Tavolini, sedie, dehors, vetrine espositive. Ma anche ombrelloni e mini-gazebo. A Sorrento c’è voglia di ripartire per tentare di mettersi una volta per tutte alle spalle le difficoltà legate all’emergenza Covid 19. Complice l’alleggerimento delle misure anti contagio con la possibile revoca anche del coprifuoco a partire da fine mese, bar e ristoranti stanno riaccendendo definitivamente i motori. Sia chiaro: bisognerà sperare che i flussi di turisti, specialmente quelli provenienti dall’estero, possano riprendere a ritmi elevati. Ma la sensazione è che si possa comunque lavorare di più e meglio rispetto alla stagione 2020. Cartina di tornasole è ad esempio ciò che sta accadendo con le concessioni di suolo pubblico.

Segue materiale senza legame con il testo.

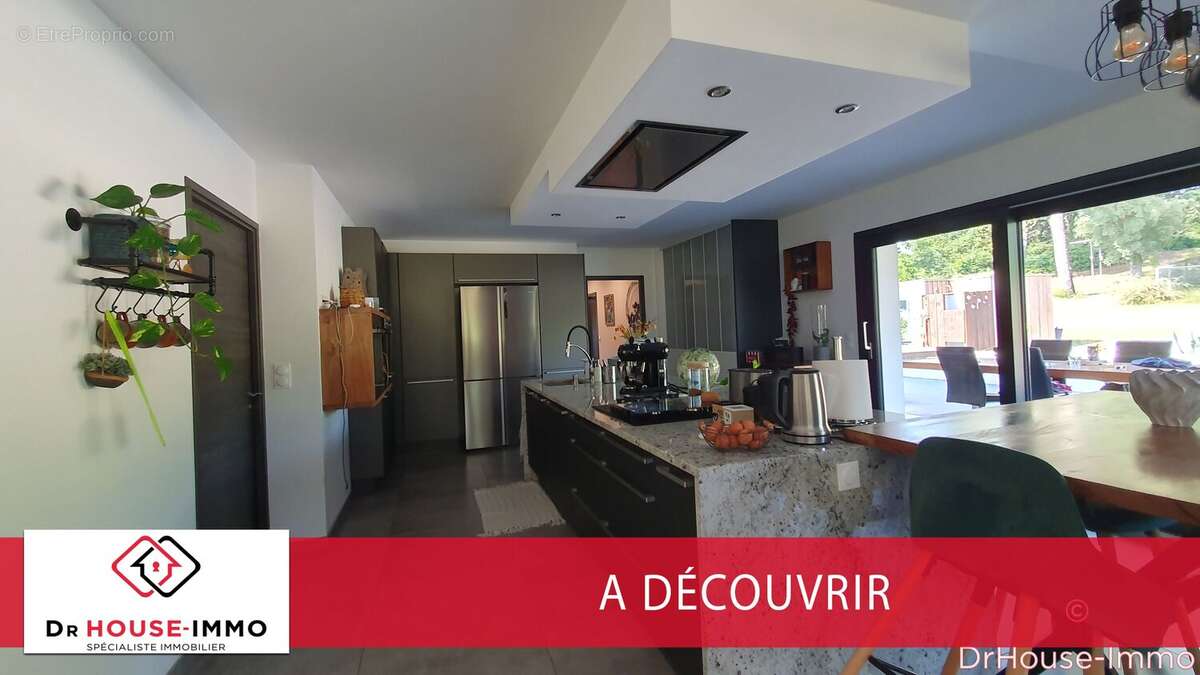 Maison à ESCOURCE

Tantissime domande sono pervenute nel corso delle ultime settimane al municipio di piazza Sant’Antonino: basti pensare che all’albo pretorio online, martedì mattina, sono state pubblicate in un solo giorno ben trenta permessi per l’occupazione di suolo pubblico. A beneficiarne attività commerciali legate al settore food. E’ un segnale incoraggiante, di fiducia, seppur la sensazione che trapela dai commenti di esercenti e ristoratori è che sarà comunque un’altra estate non proprio rosea. A vincere sarà il turismo di prossimità, almeno fino a quando non verrà garantito – come già sottolineato dai vertici di Federalberghi – l’estensione del green pass. Intanto, continua la querelle giudiziaria legata alle sanzioni spiccate dal Comune di Sorrento nei confronti di tutte quelle attività commerciali – in particolare bar, negozi e ristoranti – che negli ultimi mesi si sono viste notificare ordinanze e ingiunzioni di pagamento di centinaia di euro. Il Comune di Sorrento, già prima che venissero svolte le elezioni lo scorso autunno, per scongiurare il rischio di procurare un danno erariale alle casse dell’ente, attraverso il ruolo ricoperto dalla società Andreani Tributi – titolare, tra i tanti servizi, della riscossione – ha spedito decine e decine di richieste di saldo per le multe legate alle violazioni del regolamento.  Parliamo di presunte irregolarità vecchie anche di cinque anni. Senza dimenticare che c’è chi come il movimento civico “Conta anche tu”, delle occupazioni fuorilegge di strade e marciapiedi attraverso tavolini, sedie, dehors, insegne pubblicitarie e magari anche merce ha più volte segnalato autentici abusi, richiedendo l’intervento degli agenti in forza al comando di polizia municipale.